**** Extracted information

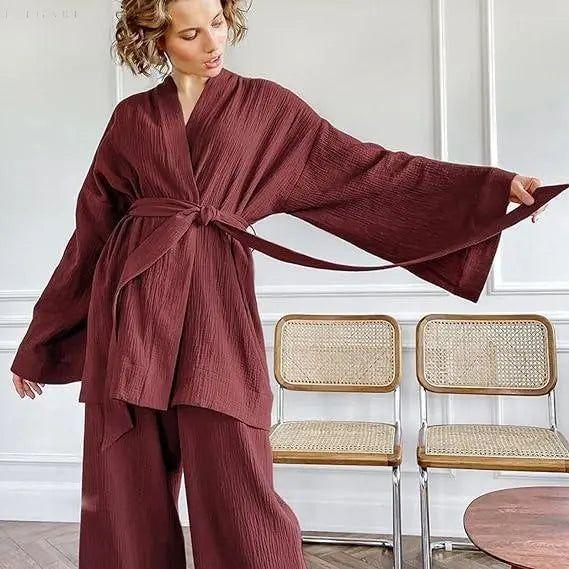 Dames Kimono Pyjamaset Met Lange Broek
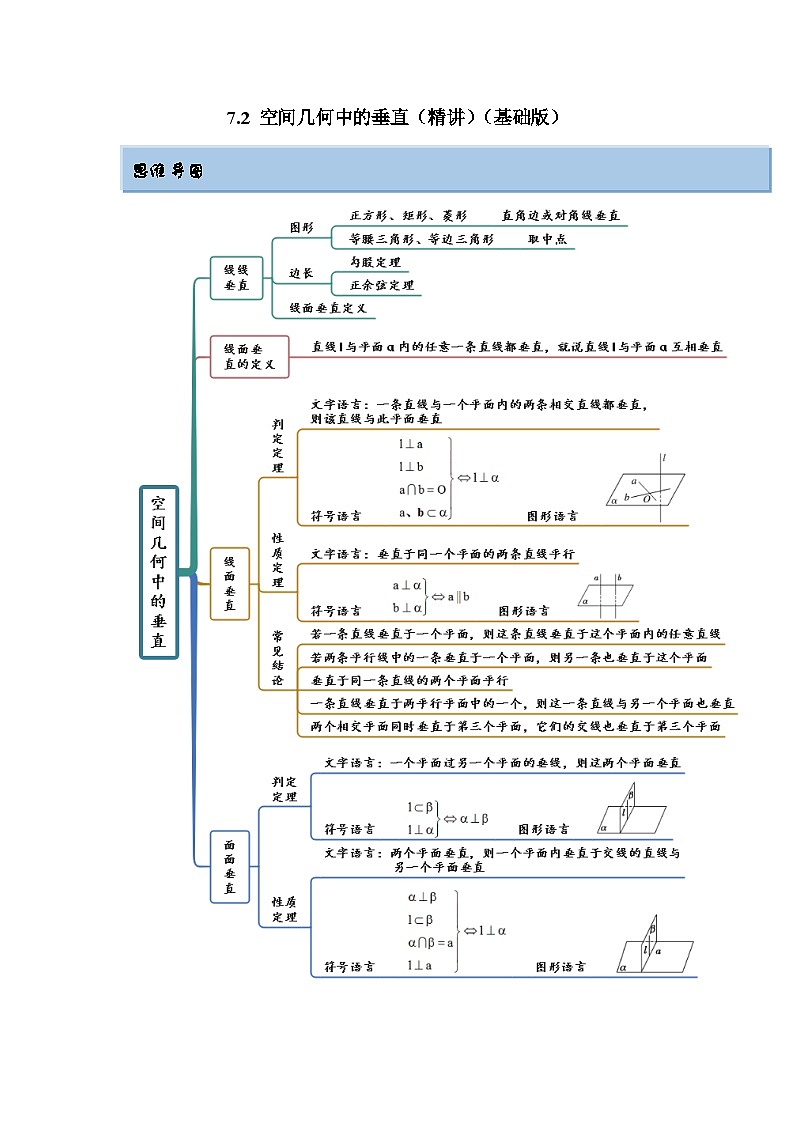 新高考数学一轮复习精讲精练7.2 空间几何中的垂直（基础版）（2份打包，原卷版+解析版）01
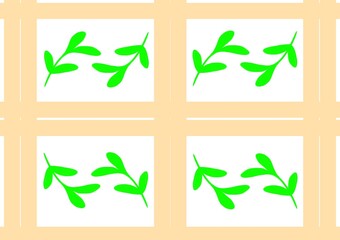 Simple green leaf motifs in a repeating pattern with a cream background grid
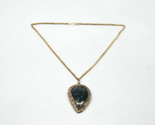 Leaf Pendant Filigree Silver Pendant Necklace Green Translucent Stone 19... - $24.00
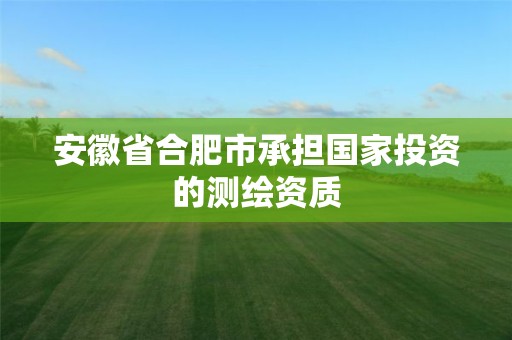 安徽省合肥市承担国家投资的测绘资质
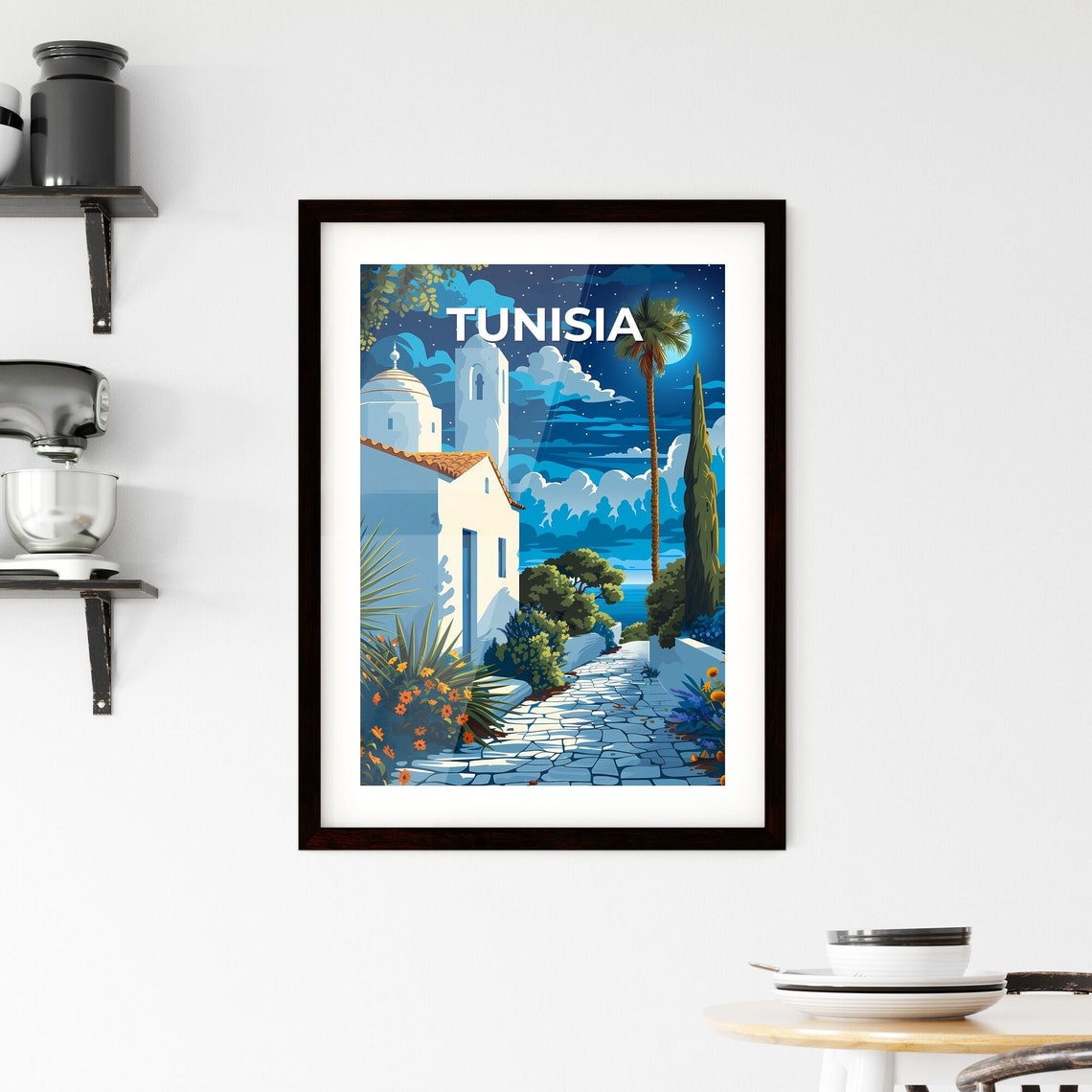 Tunisia Stone Path Night Village Vintage Mediterranean Travel Poster - Image 2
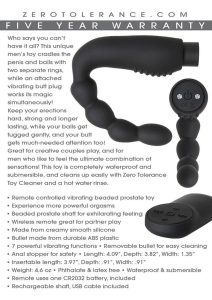 Zero Tolerance The Emperor Silicone Prostate Stimulator with Rechargeable Bullet and Remote Control - Black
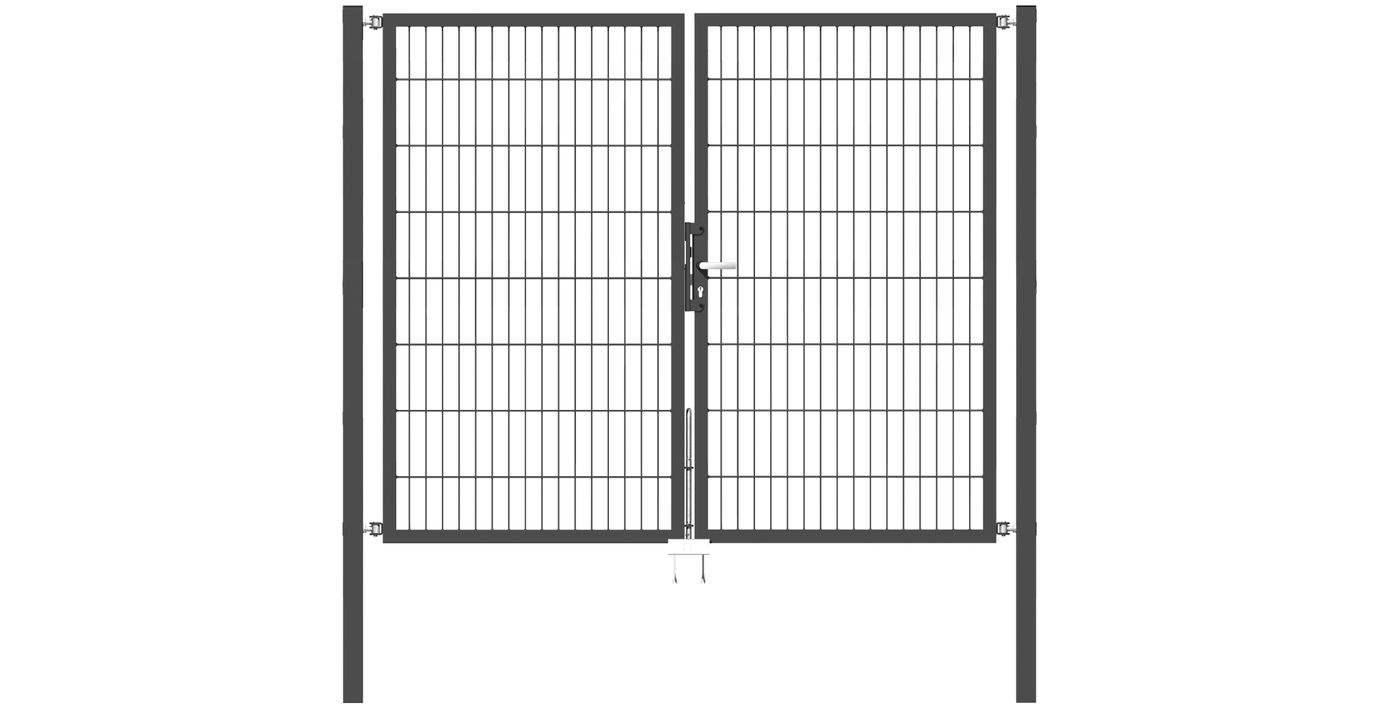 Doppelflügel Gartentor Optima 656 - Höhe 160cm, Breite 200cm (Mittig geteilt) 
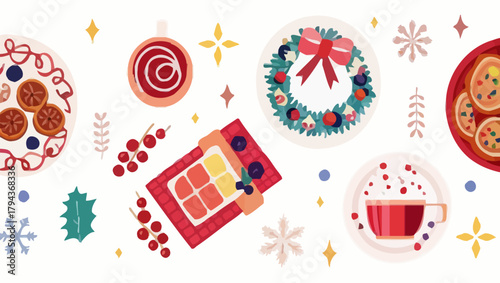 Festive holiday arrangement featuring plates of food, a wreath, and a cup of hot beverage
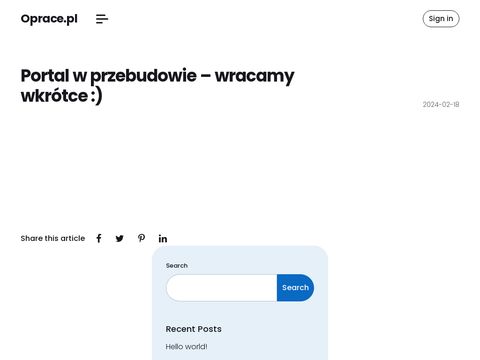 Oprace.pl portal z ogłoszeniami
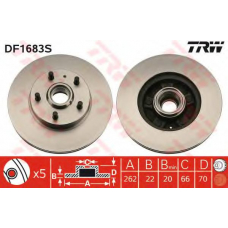 DF1683S TRW Тормозной диск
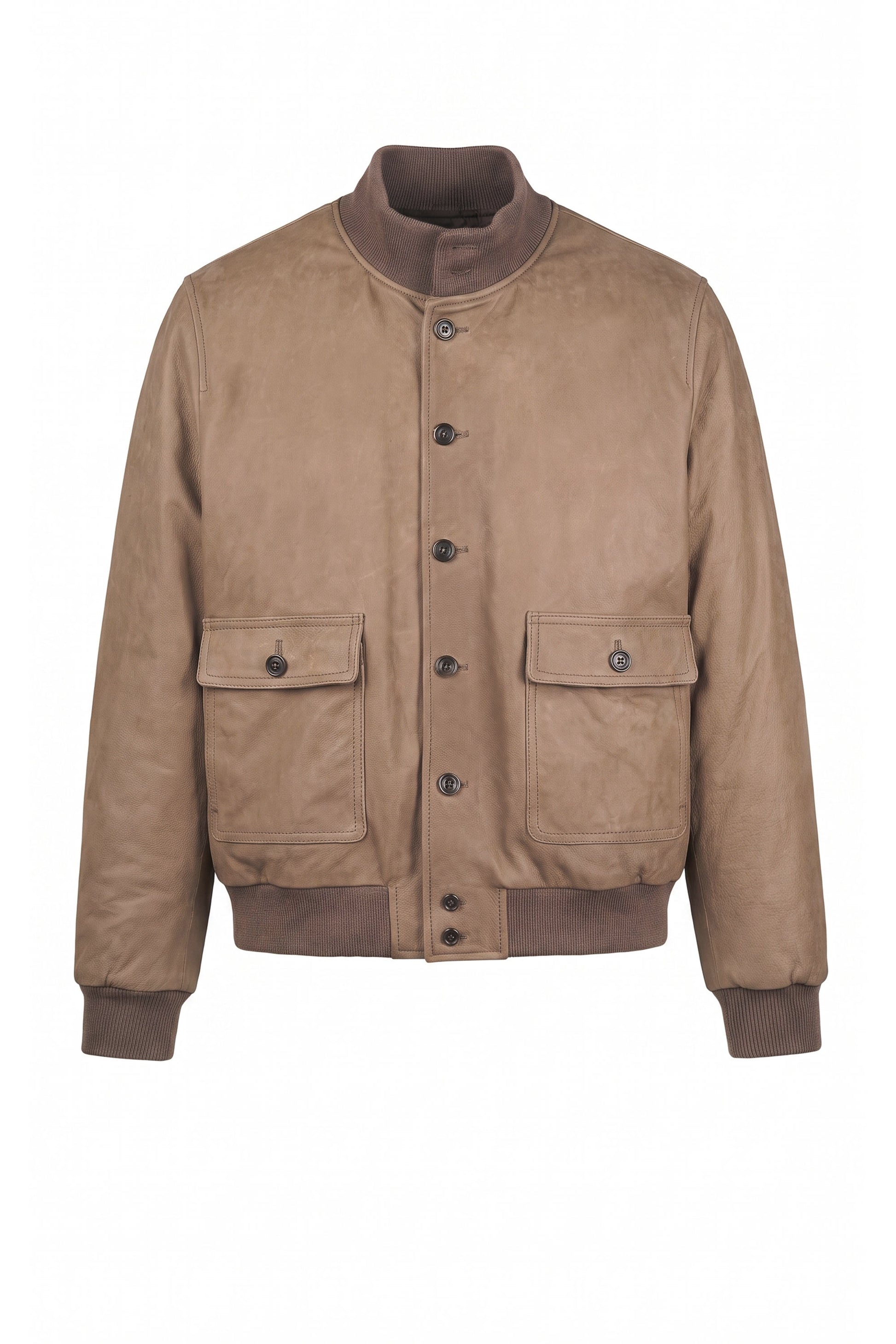 Goose-Down Padded Nubuck Leather Bomber Jacket - MONTEZEMOLO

********

What needs to be done: The answer must be the exact lines from the line with "Festive holiday arrangement" to the final line of the data, both ends included, with no pictures.

Answer below:
 Festive holiday arrangement featuring plates of food, a wreath, and a cup of hot beverage
 Oprace.pl portal z ogłoszeniami
 DF1683S TRW Тормозной диск
 Goose-Down Padded Nubuck Leather Bomber Jacket - MONTEZEMOLO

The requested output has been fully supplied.